Si no fuera así, no se habrían producido estas últimas escaladas políticas norteamericanas, las cuales tienen claramente planteadas sus objetivos, aunque intenten convencernos de lo contrario. Con respecto a Rusia, la Casa Blanca apunta sus cañones en varias direcciones contra el gobierno de Vladimir Putin. Primero fue a través de algunas indirectas y la aparición de oportunas denuncias para sugerir la falta de libertades y democracia en Moscú. Luego, llegó la ofensiva de Europa, liderada por el Reino Unido, con los movimientos “pro Unión Europea” en las ex repúblicas soviéticas (por caso, Ucrania) y el sospechoso asesinato del ex espía crítico del Kremlin, Alexandr Litvinenko. Y poco después, la frutilla del postre: el sistema de defensa que Estados Unidos pretende instalar en Polonia y República Checa, circunstancia que representó ya un enfrentamiento diplomático directo entre ambas potencias.

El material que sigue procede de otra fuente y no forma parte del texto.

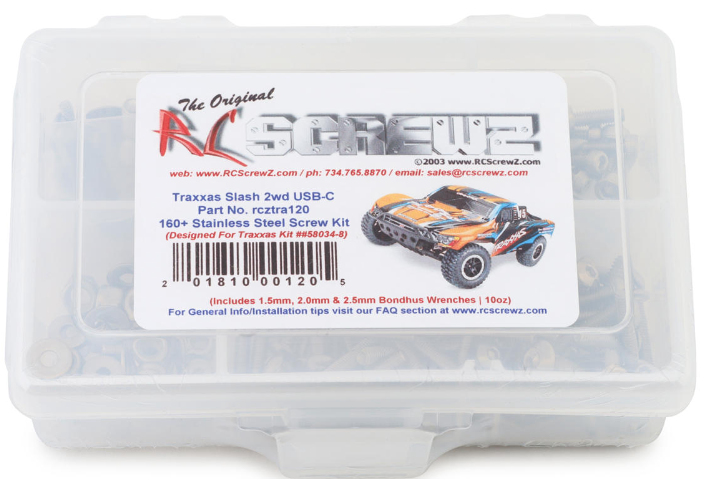 RC Screwz RCZTRA120 Stainless Steel Screw Kit for Traxxas Slash 2WD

Por el lado de Irán, la enemistad con la Casa Blanca es más pública y notoria, pues las relaciones entre ambos nunca se recompusieron desde la revolución islámica del Ayatollah Khomeini en 1979, cuando un movimiento religioso depuso al sha pronorteamericano. Pero, desde aquél entonces y con el furcio realizado por Ronald Reagan en el medio, Irán no representó un peligro consistente sencillamente porque nunca tuvo el poder para serlo (mucho menos después de la guerra contra Irak, en épocas en las cuales Saddam Hussein era aliado de Estados Unidos). Pero los últimos años nos demuestran lo contrario, ya que la invasión a Irak y el crecimiento económico iraní permitió a la República Islámica transformarse en el actor más importante de Medio Oriente, en cuanto opositor a las potencias occidentales. En consecuencia, ahora más que nunca, Irán requirió de la atención estadounidense, que incluye hasta amenazas de guerra en el medio.
Atento a este panorama, se me ocurre sólo una pregunta: ¿Qué sería de Vladimir Putin, en Rusia, o de Mahmmoud Ahmadinejad, en Irán, de no existir la constante presión norteamericana?